When the Al-Aqsa Intifada erupted, I rapidly became confused, because the stories I was reading in the Devil Bunny City Morning Herald just didn’t make sense. Why would all of this stuff be happening now, when a final deal seemed so close? The meaningless ‘cycle of violence’ seemed, well, meaningless… I started wandering around the web looking for a more coherent narrative. The Palestinian web-sites were short on facts and long on whinging, and didn’t make any more sense than the Australian newspapers. But the narrative I found in the Jerusalem Post did make sense. Within a few weeks I found that I had been transformed from a rather vague supporter of the PLO to an enthusiastic supporter of the Zionist state. This was a little bit scary. What else did I believe in that was wrong? Would I wake up one morning and discover that Margaret Sanger was right after all? God, I hope not.

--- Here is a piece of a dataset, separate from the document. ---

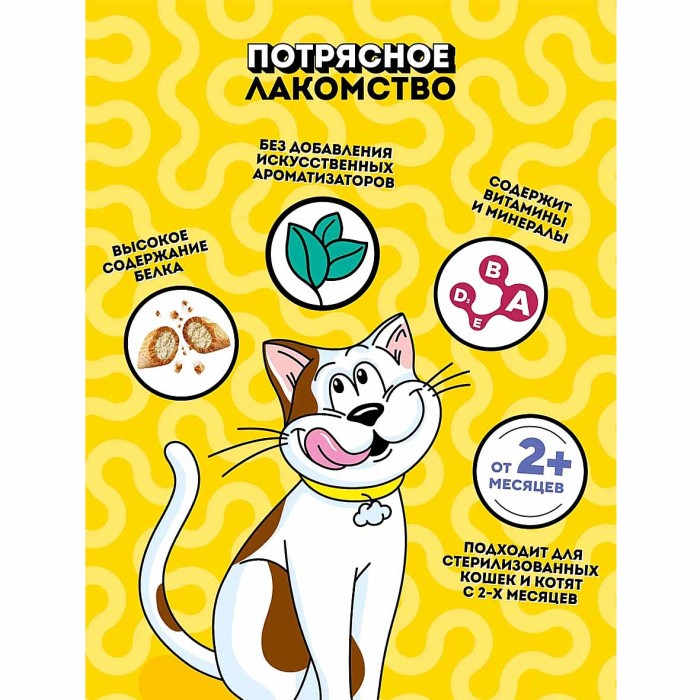 Корм для кошек Dreamies курица 60гр пауч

But enough personal human-interest stuff. What are my cosmically arrogant ex cathedra pronouncements for today?

Pronouncement One:
The Palestinian refugee problem is first and foremost the creation of the Arab states. The leaders of the Arab nations have kept millions of people in miserable limbo for generations to score political points against the Jews. Imagine we are back at the beginning of last century, and you live in one village, and a few miles away your brother lives in another village. Both villages have had the same culture and religion for more than a thousand years, and have been part of the same Ottoman administrative unit since fifteen-hundred and something. Far away in France, somebody draws a line on a map, and your village is now in the British Mandate of Palestine, and your brother’s village is in the French Mandate of Lebanon.
Twenty-eight years later, you run away from your village because you don’t want to end up as collateral damage. And fifty-six years after that, your great-grandchildren are still denied the rights of citizens in Lebanon.
Millions of Greeks were kicked out of Asia Minor in the 1920s, and were absorbed into Greece. Millions of Germans were kicked out of Eastern Europe in the 1940s, and were absorbed into Germany. About the same number of Ukrainians were expelled from Poland in the 1940s as Arabs left Palestine. Who has heard of them? Nobody, since they were absorbed without incident into the Ukraine. The Japanese kicked out of Sakhalin were absorbed without incident into Japan. The South Asians kicked out of Uganda have been absorbed without incident into the United Kingdom. The Arab world is vastly larger than Greece or Germany, has not been devastated by a general war, and has vast resources. Its leaders did not allow the absorption of a relatively small population of people of the same religion, culture, and heritage, using them instead as a political football.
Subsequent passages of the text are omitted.